- ABOUT THIS EXERCISE -
Every entry below should be returned exactly as it appears, with pictures left out.

- RECORDS TO USE -
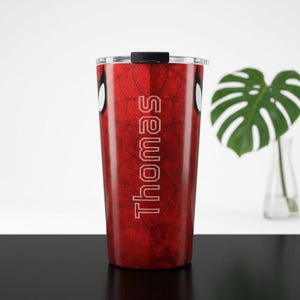 Tumbler met spinnenhoodie-illustratie | Gepersonaliseerde roestvrijstalen reisbeker van 590 ml afbeelding 2
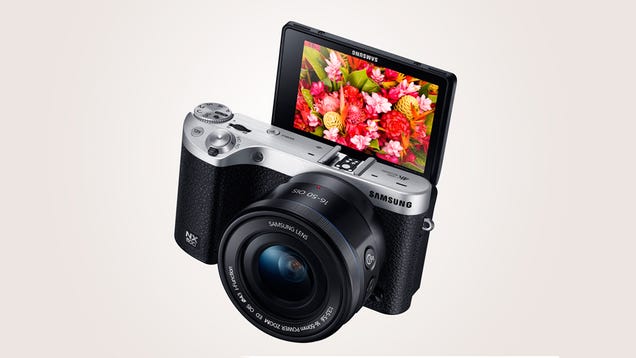 Samsung's NX500 Is Its Most Powerful Camera Shrunk Into a Small Body
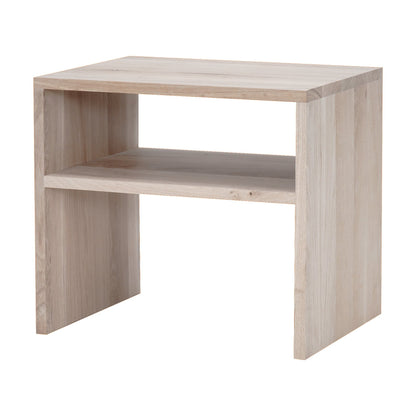 Chevet en chêne D894C, 50 × 40 × 45 cm, vue fabricant 4. Autres meubles et décoration vendus séparément.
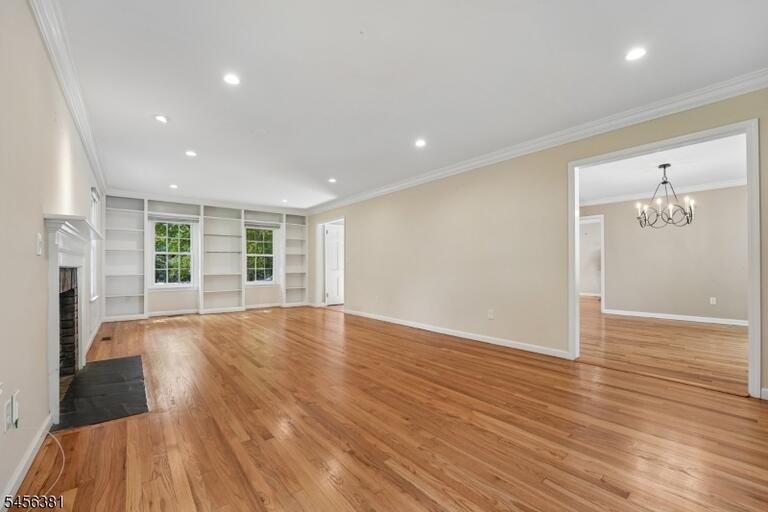 Property listing MLS 4049510 photo 5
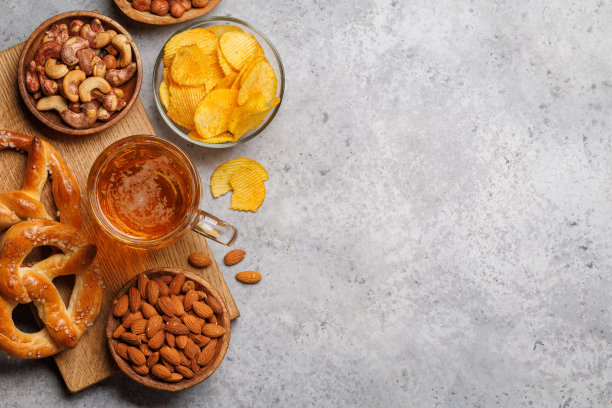 各式各样的啤酒摊:各种各样的点心选择图片下载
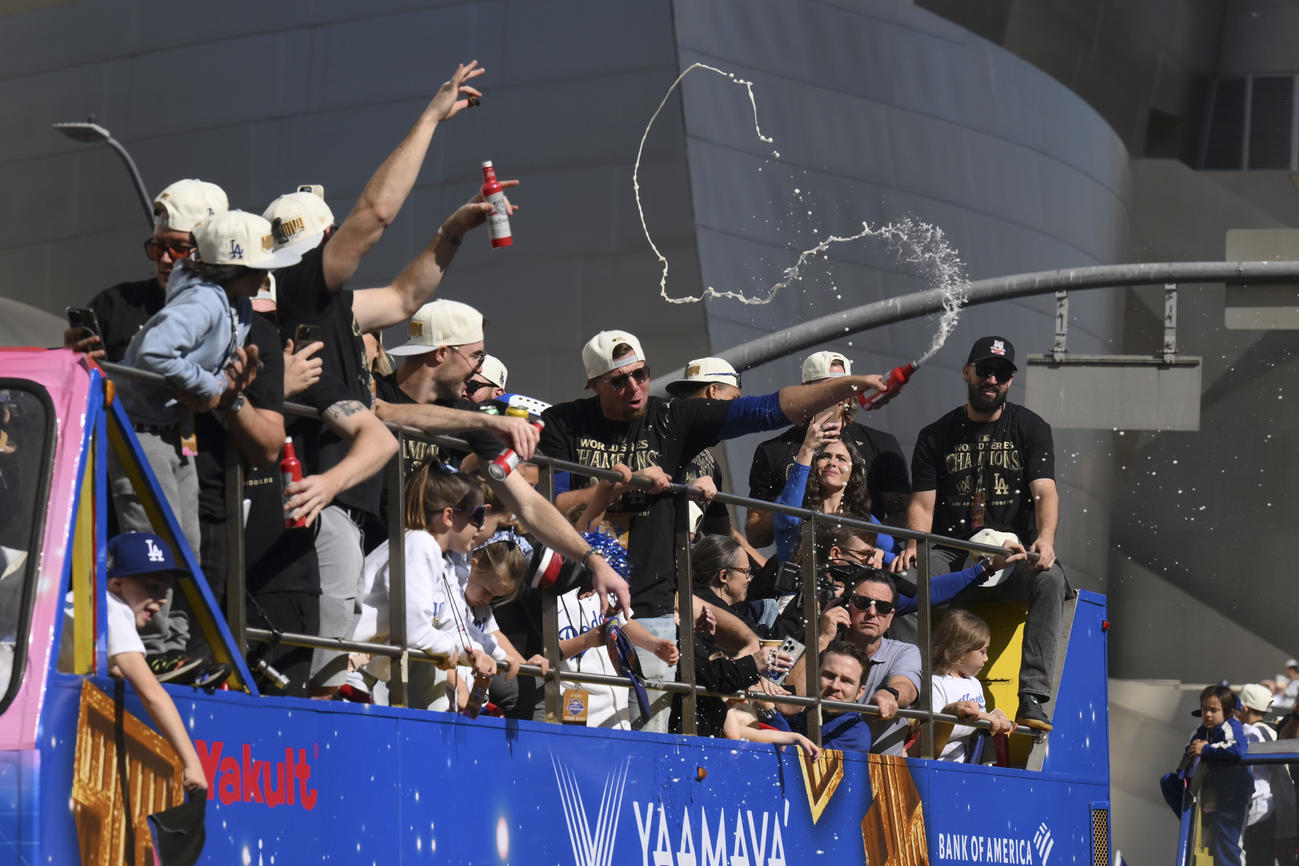 パレードに参加するドジャースの選手たち（AP）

- ANSWER TO THIS PROBLEM -
 Tumbler met spinnenhoodie-illustratie | Gepersonaliseerde roestvrijstalen reisbeker van 590 ml afbeelding 2
 Samsung's NX500 Is Its Most Powerful Camera Shrunk Into a Small Body
 Chevet en chêne D894C, 50 × 40 × 45 cm, vue fabricant 4. Autres meubles et décoration vendus séparément.
 Property listing MLS 4049510 photo 5
 各式各样的啤酒摊:各种各样的点心选择图片下载
 パレードに参加するドジャースの選手たち（AP）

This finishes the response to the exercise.